Let’s be clear: Flapjacks are never going to be the Next Big Thing. Unlike, say, the macaroon, no one has ever gasped in childlike wonder at the sight of a perfect flapjack, no one has queued round the block for the latest flavour, and no pastry chef has yet made a million opening a flapjack concession in Harrods.
But still, in baking, everything has its place. Flapjack’s place is as a no-frills, sugary, buttery treat, something which can be rustled up in the time between friends calling to say they’re on their way and the knock at the door. Flapjacks are also, as I found last weekend, excellent for cake-loving but strict vegetarian households.
I’m often stumped when it comes to baking for people who don’t eat eggs as so many cakes, biscuits and pies rely heavily on them for texture.
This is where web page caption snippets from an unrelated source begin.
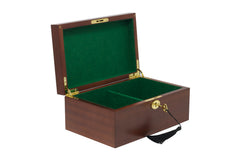 Luxury Mahogany Storage Box for Luxury Chess Pieces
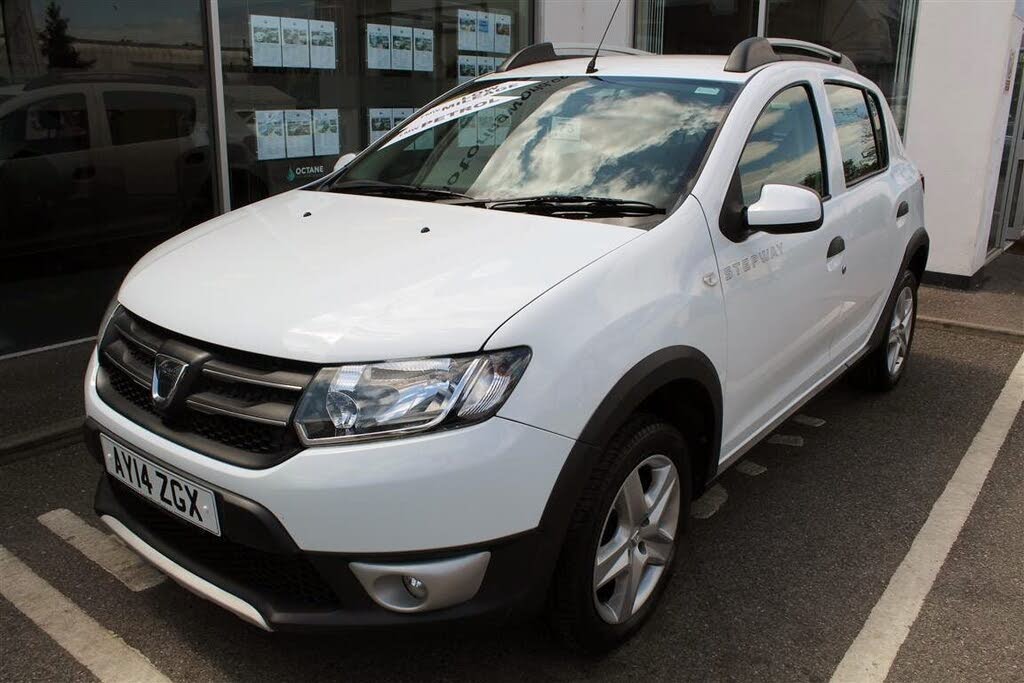 2013 Dacia Sandero Stepway 0.9 Laureate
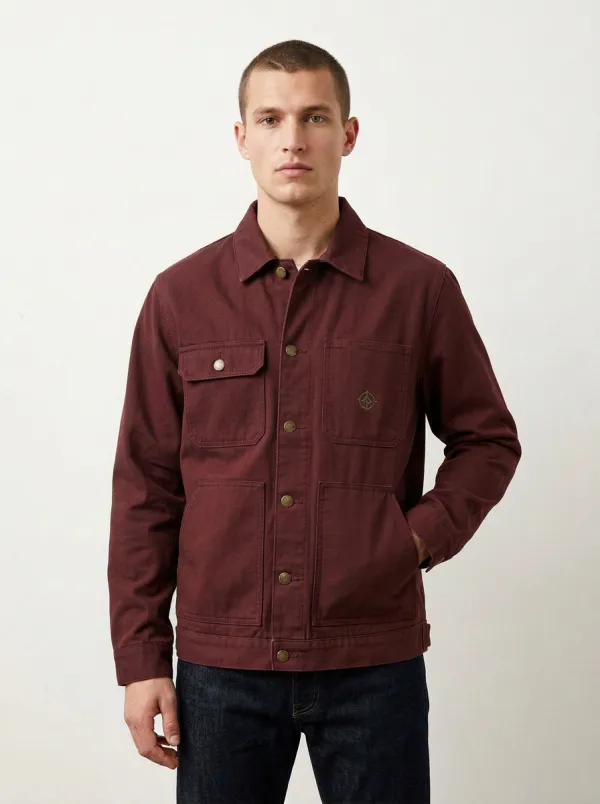 Men's Casual Minimalist Compass Jacket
I invariably resort to giving flowers instead but for an Independence Day outing I wanted to make something for an Old Delhi vegetarian family that has recently shown me an enormous amount of hospitality (and fed me heaps of pakoras).
Also Read | Pamela’s previous Lounge columns
The flapjacks seemed to hit the spot so I’ve decided, for the next few columns, to devote myself to broadening my egg-free repertoire.
First up, flapjacks: the traditional British cake/biscuit with a wholesome, oaty image whose real appeal is the combination of butter, sugar and golden syrup.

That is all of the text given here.